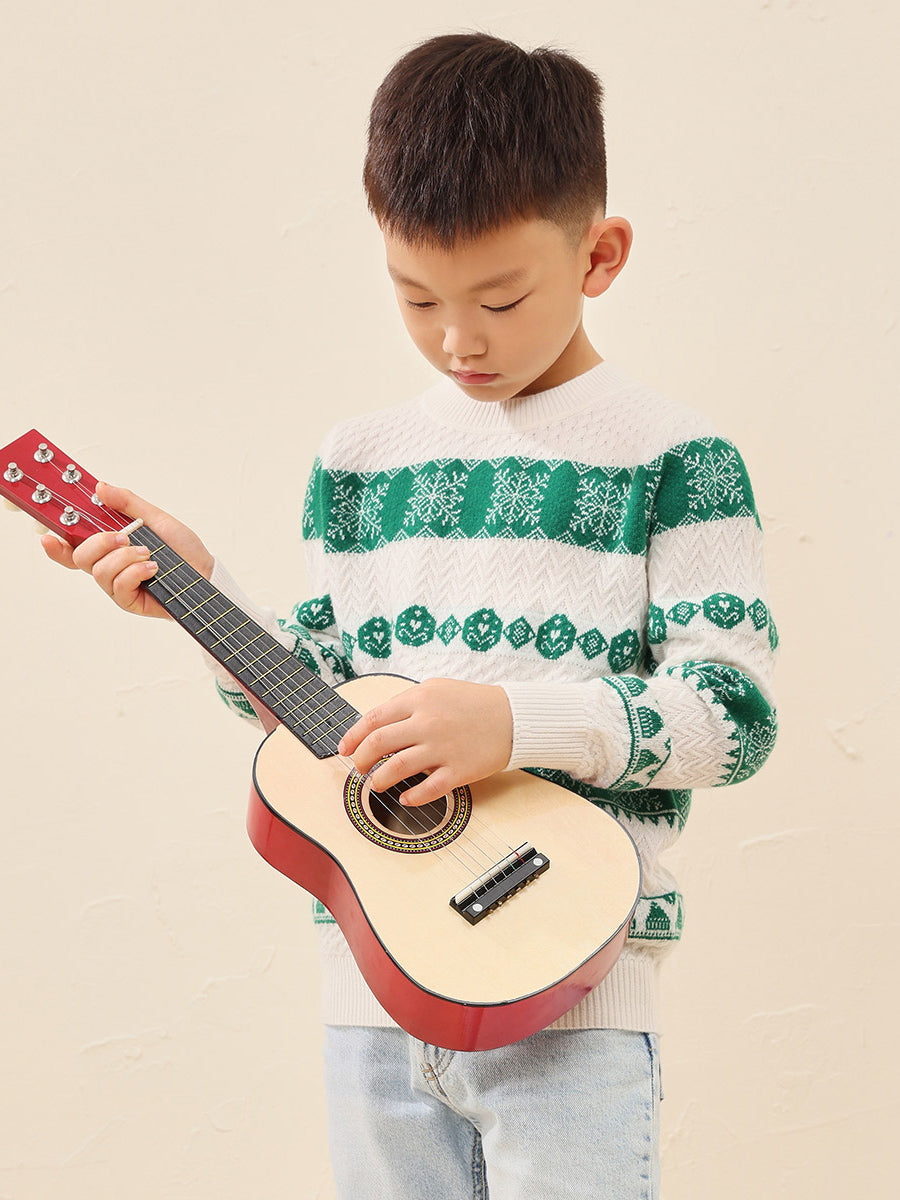 COMOBOCA Green 100% Wool Kids' Nordic Snowflake Knit Sweater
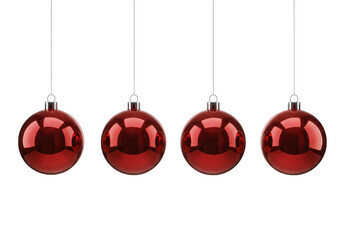 Wall Mural - Four shiny red christmas ornaments hang in a row, isolated on a transparent background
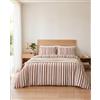BELLA VITA Parure Copripiumino Matrimoniale 100% Cotone, Sacco 200x250 cm con 2 Federe 50x80 cm, Set 3 Pezzi a Righe - Marrone e Ruggine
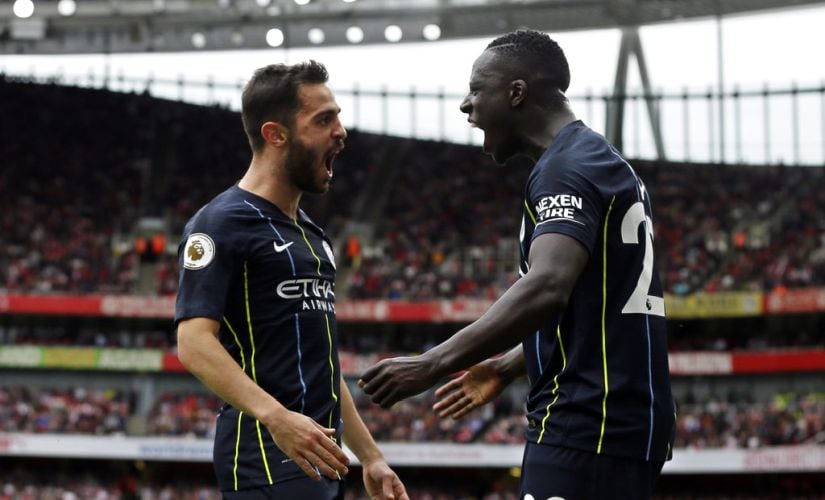 Bernardo Silva (L) and Benjamin Mendy (R) performed well in Manchester City's 2-0 win over Arsenal in the Premier League. AP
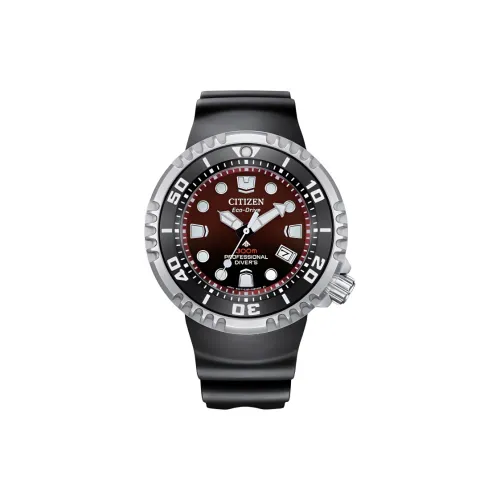 CITIZEN PROMASTER Series Светильник Кварцевый механизм Резиновый ремешок Часы 46 мм Мужские часы Красный циферблат часов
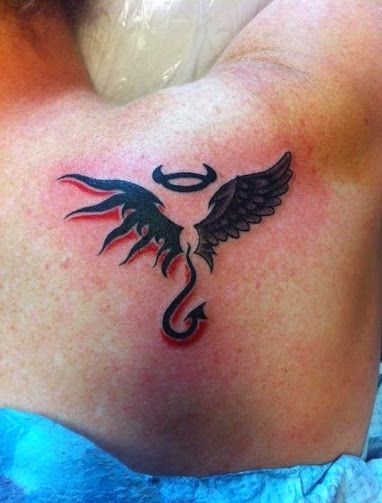 18 Powerful Devil Tattoo Designs To Look Aggressive In 2019 Halo And Horns Tattoo, Devil Horns Tattoo, Angel Demon Tattoo, Good And Evil Tattoos, Angel Devil Tattoo, Halo Tattoo, Evil Tattoos, Devil Tattoo, Demon Tattoo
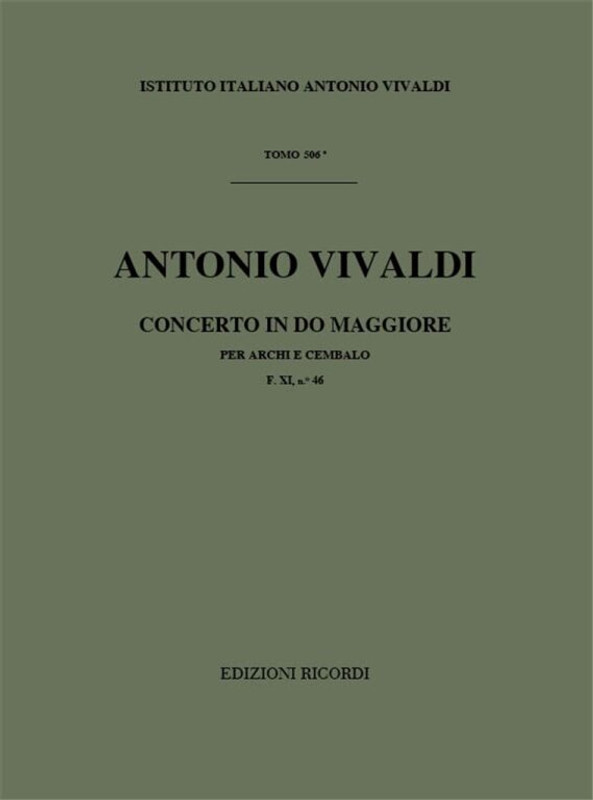 Vivaldi, Antonio: SINF. PER ARCHI E B.C.: IN DO RV 116 - F.XI/46 / Ricordi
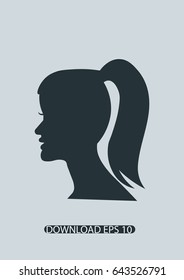 Woman head icon, Vector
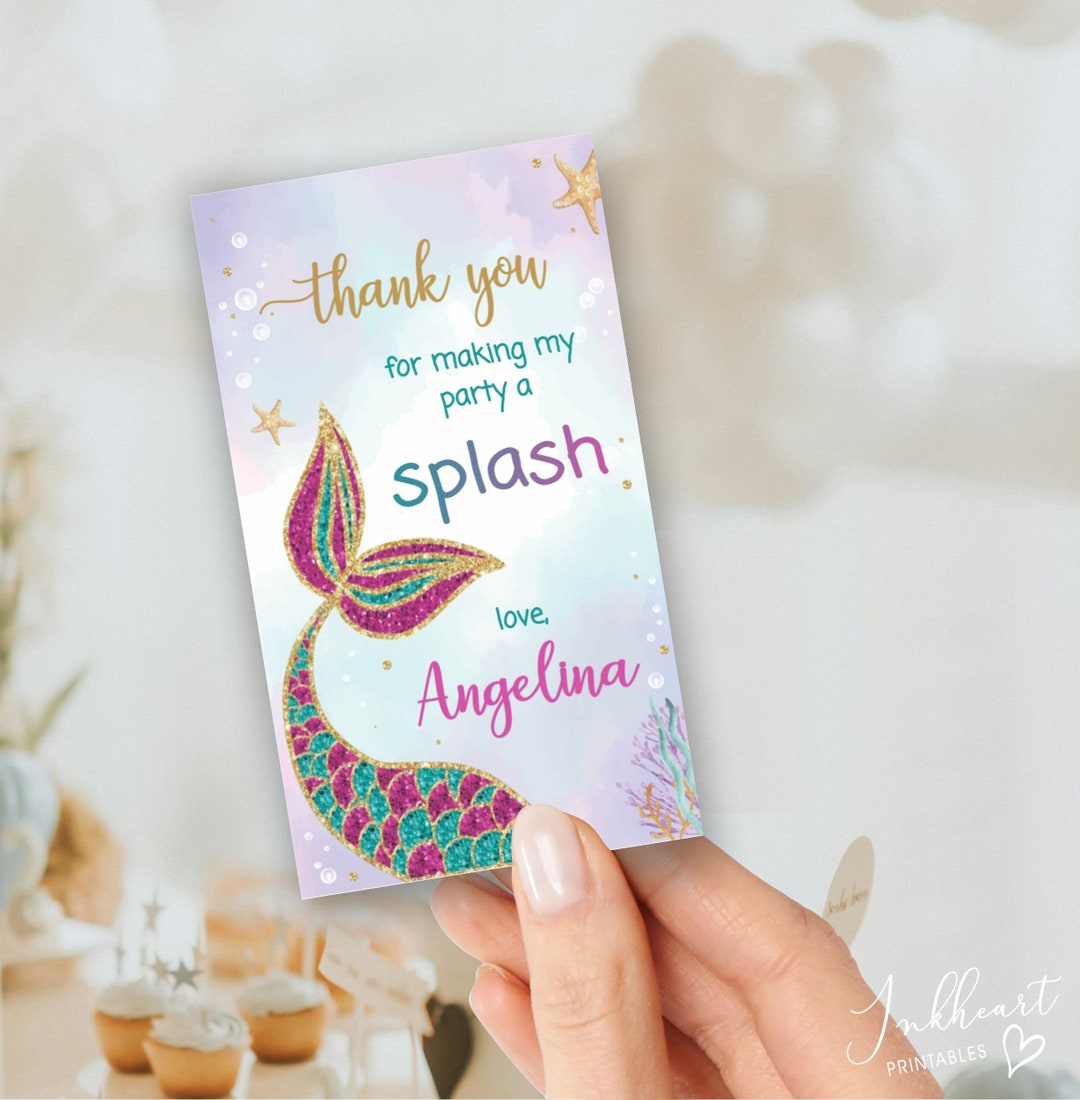 Editable Mermaid Favor Tags, Birthday Thank You Tag, Mermaid Gift Tag, Printable Favor Tag ...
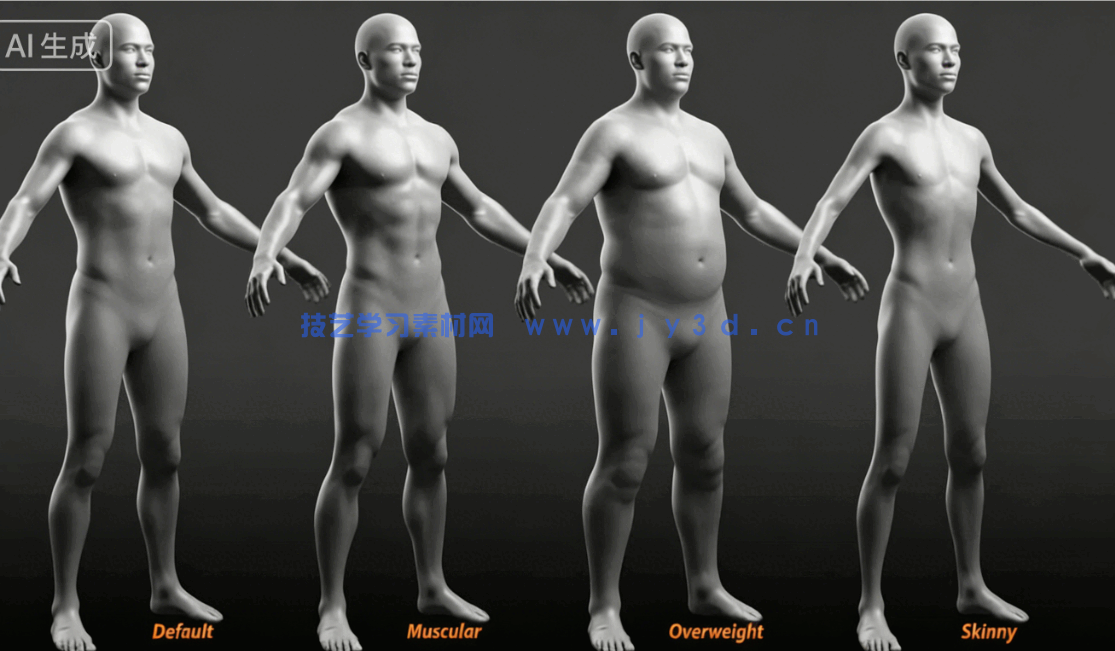 男性女性角色肌肉骨骼建模雕刻基础网格3D模型合集(图3)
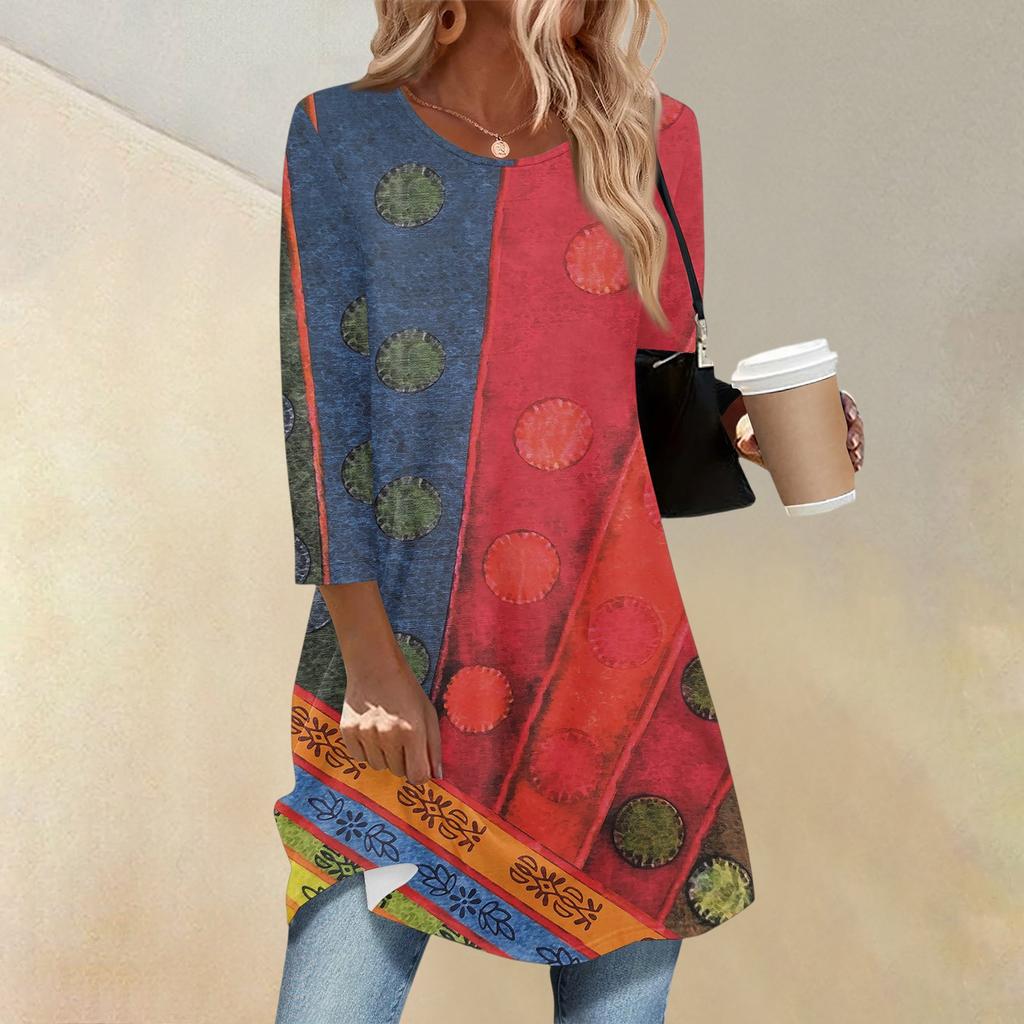 Women's Fashion Casual Three-quarter Sleeve Long Floral Print Round Neck Top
::::
I'd like the entries above repeated exactly, but without any of their pictures.

Solution |
 COMOBOCA Green 100% Wool Kids' Nordic Snowflake Knit Sweater
 Wall Mural - Four shiny red christmas ornaments hang in a row, isolated on a transparent background
BELLA VITA Parure Copripiumino Matrimoniale 100% Cotone, Sacco 200x250 cm con 2 Federe 50x80 cm, Set 3 Pezzi a Righe - Marrone e Ruggine
 Bernardo Silva (L) and Benjamin Mendy (R) performed well in Manchester City's 2-0 win over Arsenal in the Premier League. AP
 CITIZEN PROMASTER Series Светильник Кварцевый механизм Резиновый ремешок Часы 46 мм Мужские часы Красный циферблат часов
 18 Powerful Devil Tattoo Designs To Look Aggressive In 2019 Halo And Horns Tattoo, Devil Horns Tattoo, Angel Demon Tattoo, Good And Evil Tattoos, Angel Devil Tattoo, Halo Tattoo, Evil Tattoos, Devil Tattoo, Demon Tattoo
 Vivaldi, Antonio: SINF. PER ARCHI E B.C.: IN DO RV 116 - F.XI/46 / Ricordi
 Woman head icon, Vector
 Editable Mermaid Favor Tags, Birthday Thank You Tag, Mermaid Gift Tag, Printable Favor Tag ...
 男性女性角色肌肉骨骼建模雕刻基础网格3D模型合集(图3)
 Women's Fashion Casual Three-quarter Sleeve Long Floral Print Round Neck Top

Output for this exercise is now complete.